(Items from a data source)
+++

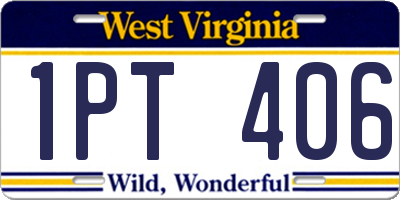 WV license plate 1PT406
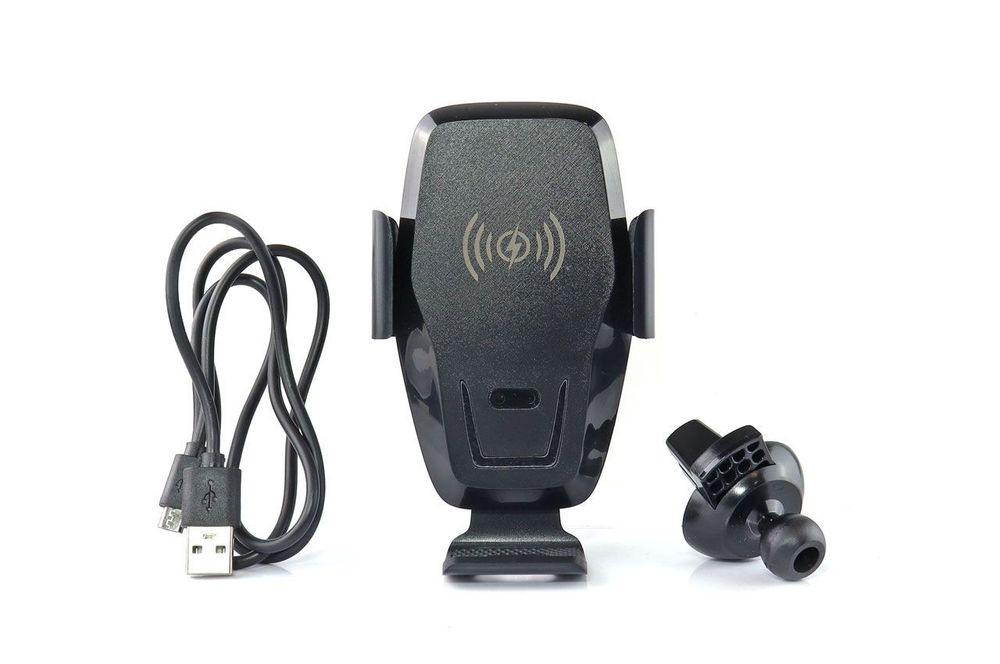 Suport auto cu incarcator wireless Amio PHW-04, fixare grila ventilatie, incarcare Qi, reglabil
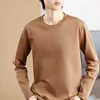 100% Pure Cotton Sweater Men's Round Neck Pullover 2024 Spring Autumn New Long Sleeved Sweater Casual Loose Knit Bottom Thin 1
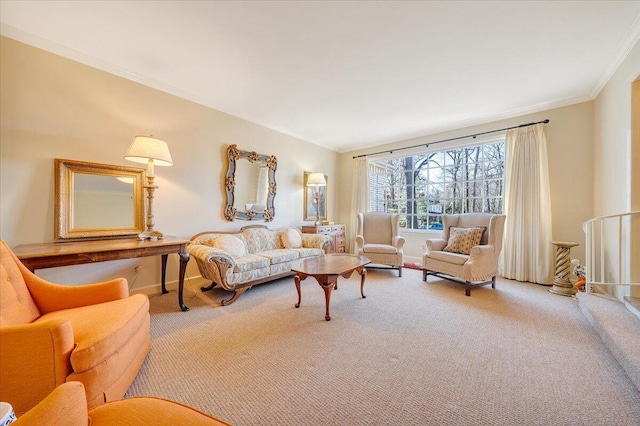 carpeted living room with crown molding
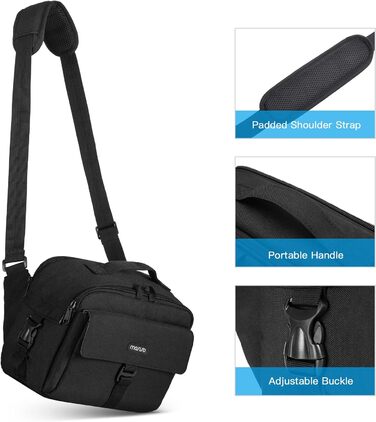 Сумка на плічо MOSISO для камери: DSLR, SLR, беззеркальна, з підкладкою та захистом від дощу. Сумісна з Canon, Nikon, Sony. Чорний колір.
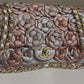 Chanel Metallic Pink and Rose Gold Lambskin Camellia Rose Appliqué Medium Flap Bag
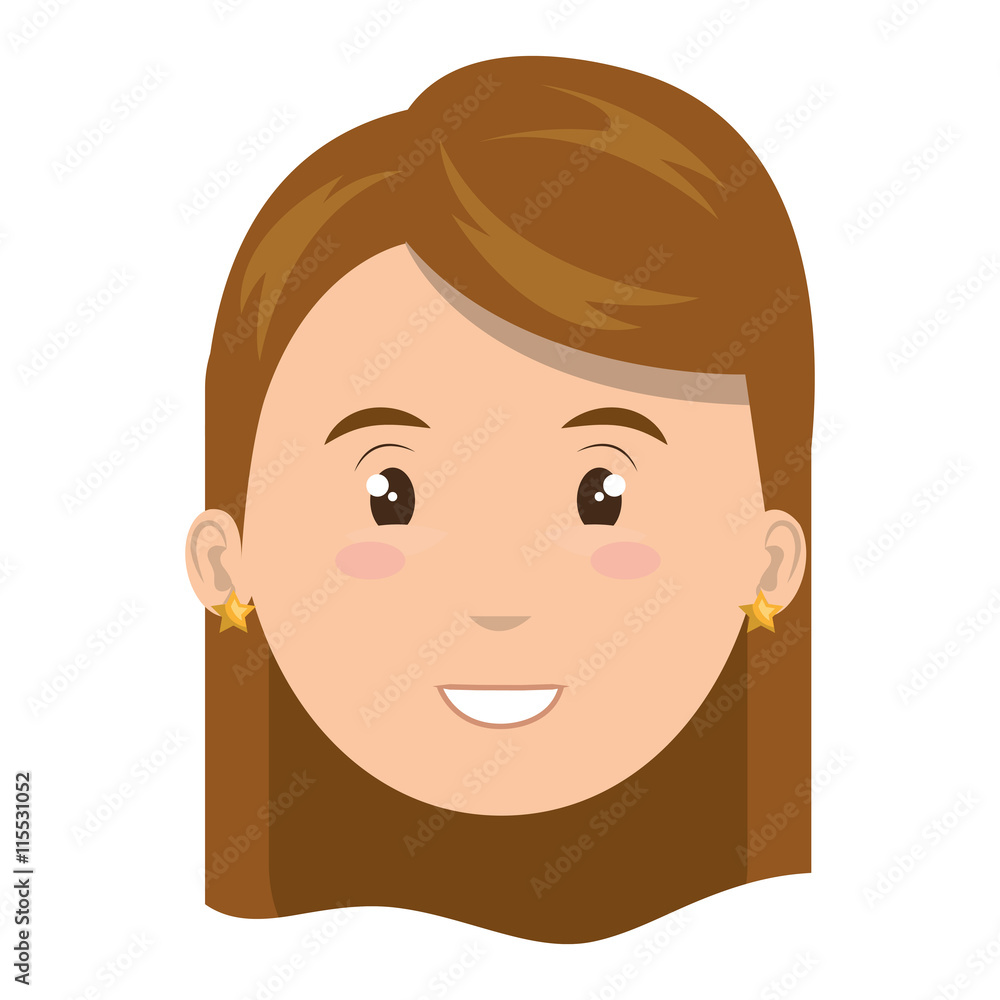 Fototapeta premium Young and beautiful woman cartoon face, vector illustration graphic design.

+++

# Aim of the exercise
Leave the pictures out, then output exactly the lines from the "carpeted living room with crown molding" line through the end of the records above, and no others.

# Exercise result
 carpeted living room with crown molding
 Сумка на плічо MOSISO для камери: DSLR, SLR, беззеркальна, з підкладкою та захистом від дощу. Сумісна з Canon, Nikon, Sony. Чорний колір.
 Chanel Metallic Pink and Rose Gold Lambskin Camellia Rose Appliqué Medium Flap Bag
 Fototapeta premium Young and beautiful woman cartoon face, vector illustration graphic design.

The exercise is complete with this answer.